Problem details:
Copy the entries below exactly; any picture among them should be left out.

Pictures with short captions
+++

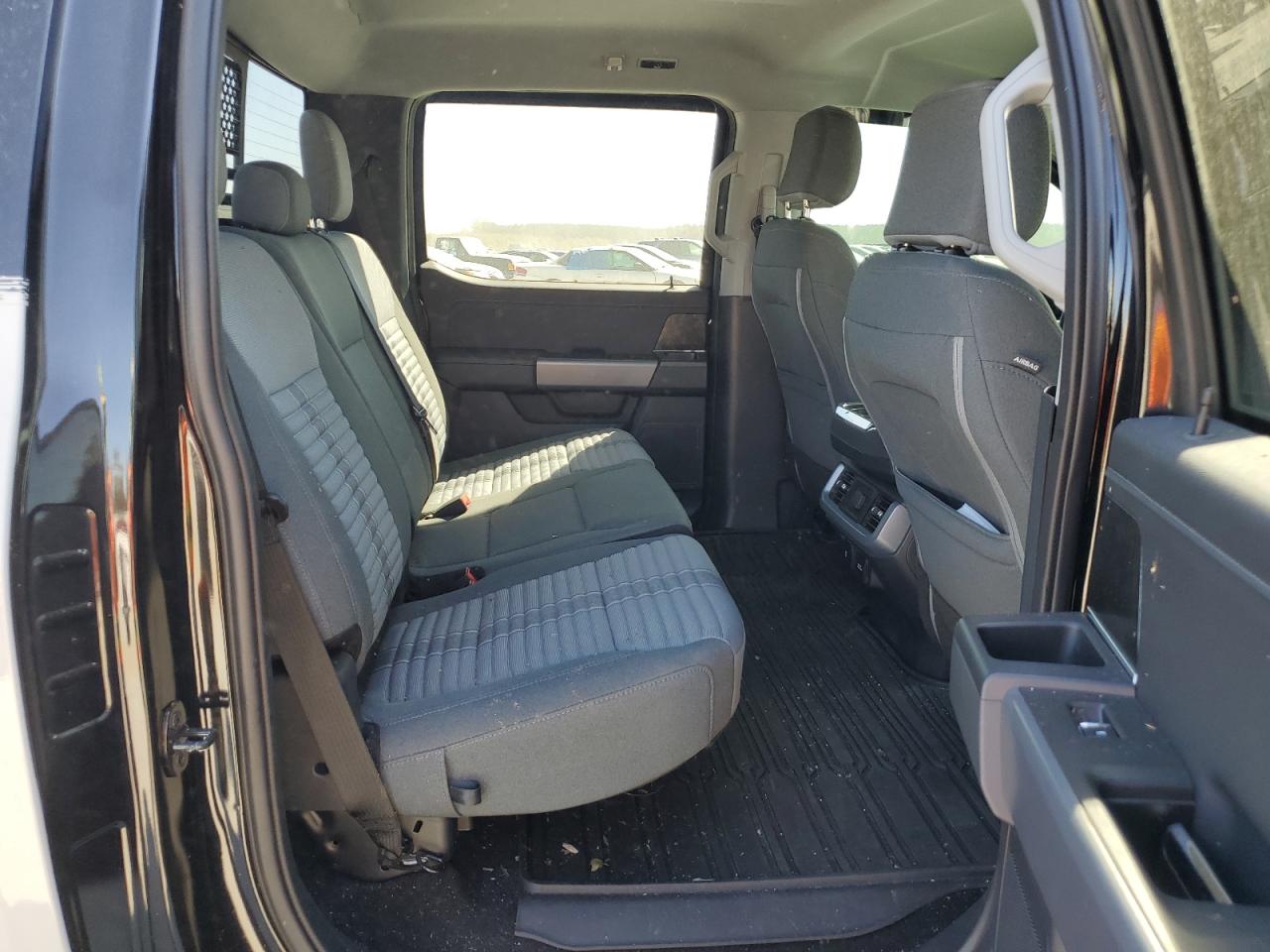 2023 FORD F150 SUPERCREW VIN:1FTFW1E8XPKD44060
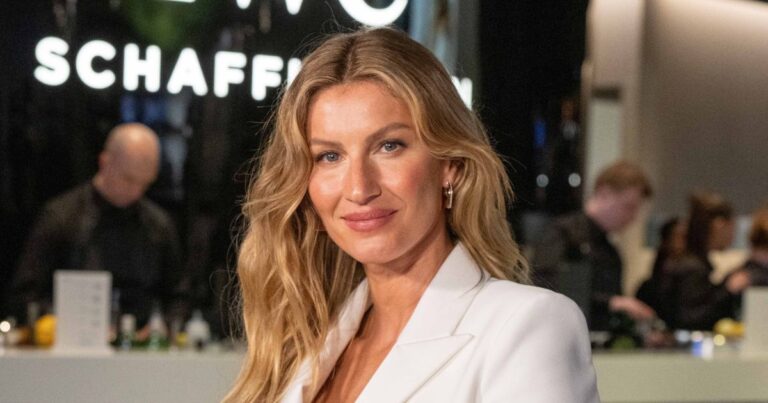 Gisele Bündchen’s Rich Mom Lounge Set Style Is on Sale at Amazon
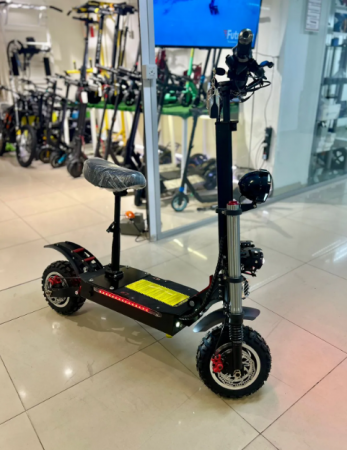 Электросамокат SDJiN G7 60V 30AH 3000W 2025 г.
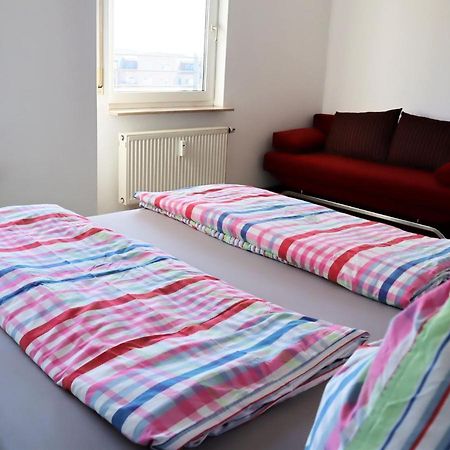Exklusive Wohnung Mit Dachterrasse In Schleussig Leipzig Exterior photo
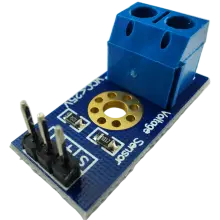 Módulo Sensor De Tensão 0-25V Dc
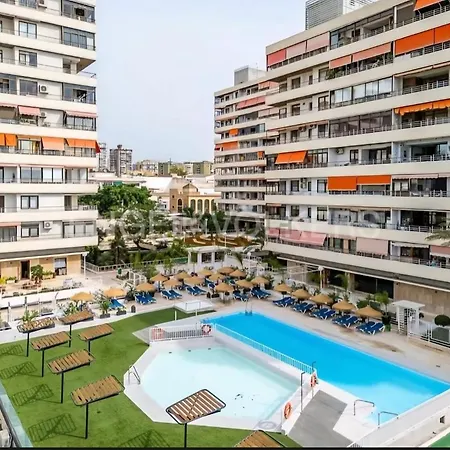 شقة Nogalera With Sea View *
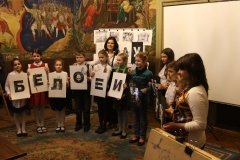 "Волшебные краски", детское художественное объединение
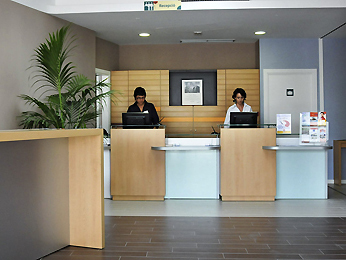 Hotel Ibis Girona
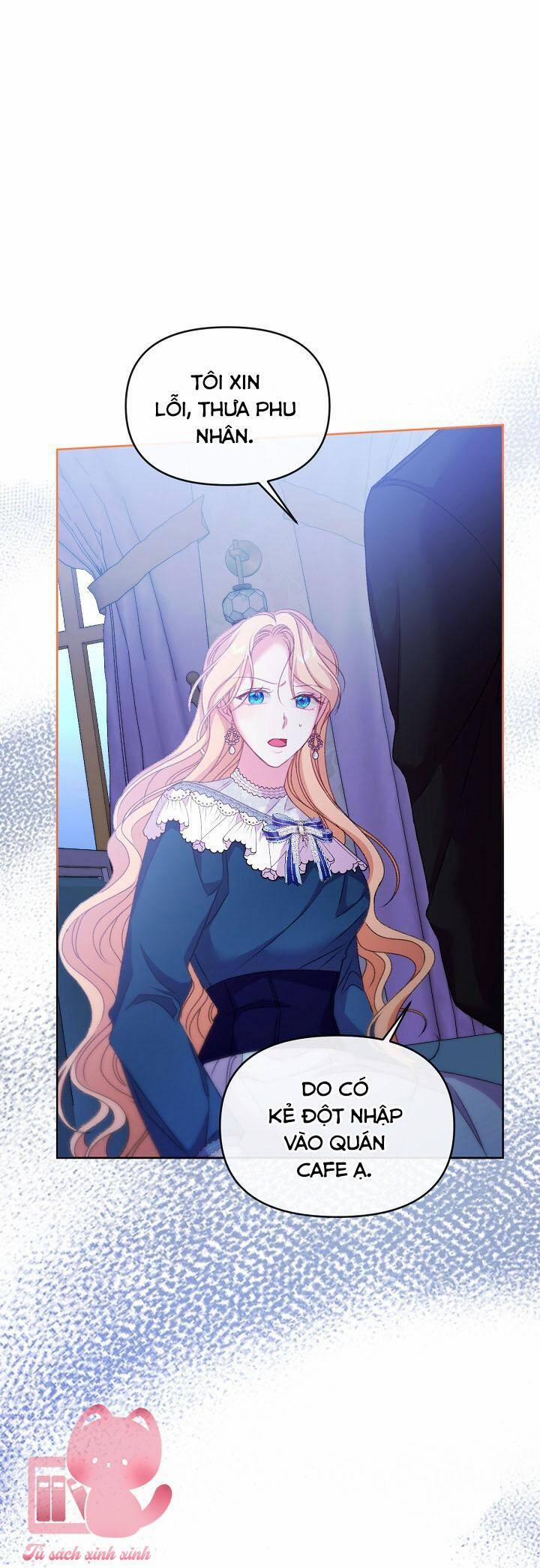 Vợ Chưa Cưới Của Kẻ Săn Mồi 59 trang 36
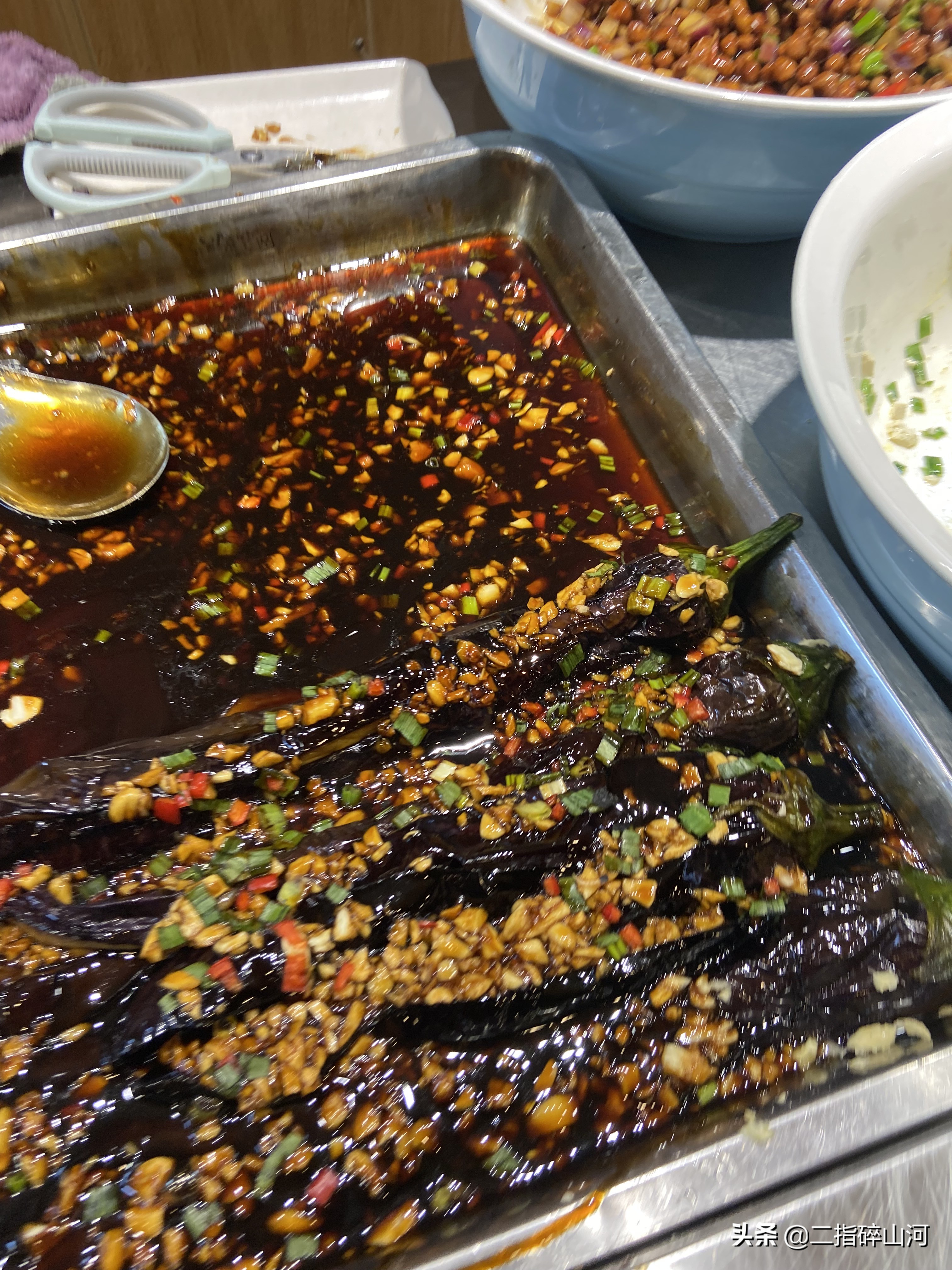 济宁名吃甏肉干饭,济宁中华第一甏肉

+++

Answer area:
 2023 FORD F150 SUPERCREW VIN:1FTFW1E8XPKD44060
 Gisele Bündchen’s Rich Mom Lounge Set Style Is on Sale at Amazon
 Электросамокат SDJiN G7 60V 30AH 3000W 2025 г.
Exklusive Wohnung Mit Dachterrasse In Schleussig Leipzig Exterior photo
 Módulo Sensor De Tensão 0-25V Dc
 شقة Nogalera With Sea View *
 "Волшебные краски", детское художественное объединение
 Hotel Ibis Girona
 Vợ Chưa Cưới Của Kẻ Săn Mồi 59 trang 36
 济宁名吃甏肉干饭,济宁中华第一甏肉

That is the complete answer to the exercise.